* **Study material**:
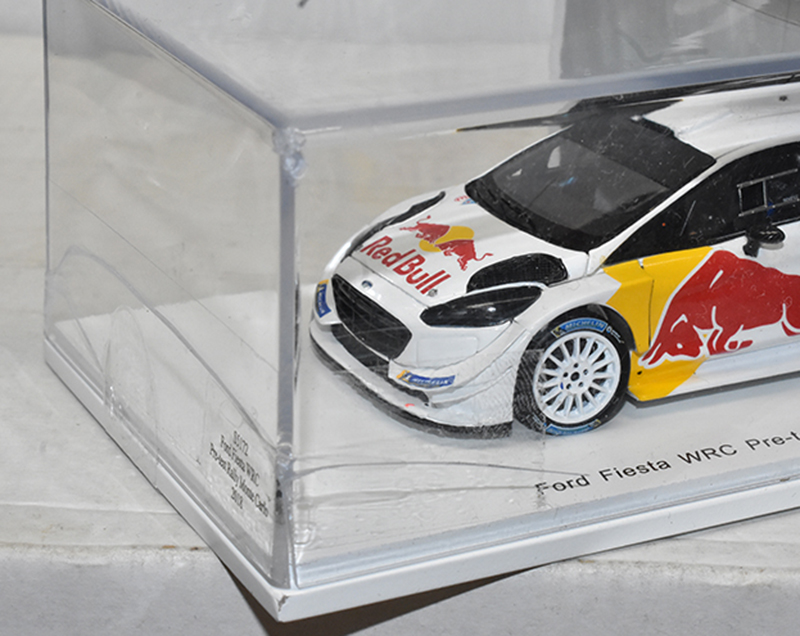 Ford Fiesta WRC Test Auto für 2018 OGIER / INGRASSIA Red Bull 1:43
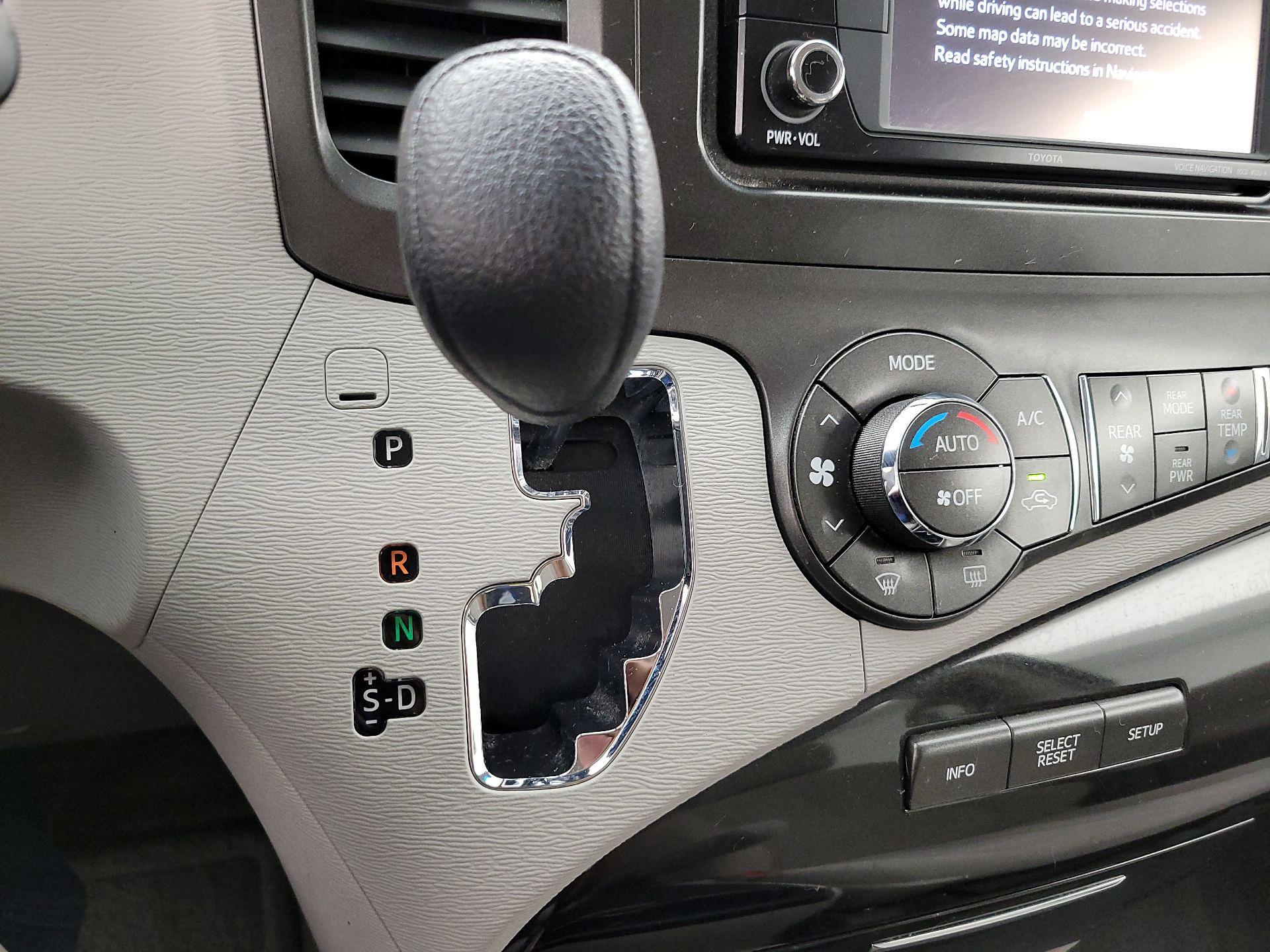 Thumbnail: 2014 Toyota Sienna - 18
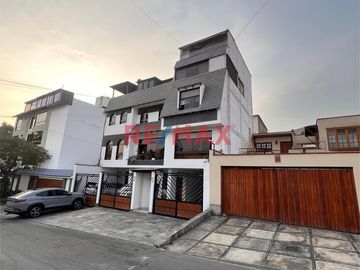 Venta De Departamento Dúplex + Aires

* * *

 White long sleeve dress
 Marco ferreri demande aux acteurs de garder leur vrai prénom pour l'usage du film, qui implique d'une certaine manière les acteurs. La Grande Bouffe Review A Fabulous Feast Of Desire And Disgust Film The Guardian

* **Required work**:
Within the material above, find the part that opens with the line containing "Thumbnail: 2014 Toyota Sienna - 18" and closes with the line containing "Venta De Departamento Dúplex + Aires", and reproduce it exactly without the pictures.

* **Task result**:
 Thumbnail: 2014 Toyota Sienna - 18
 Venta De Departamento Dúplex + Aires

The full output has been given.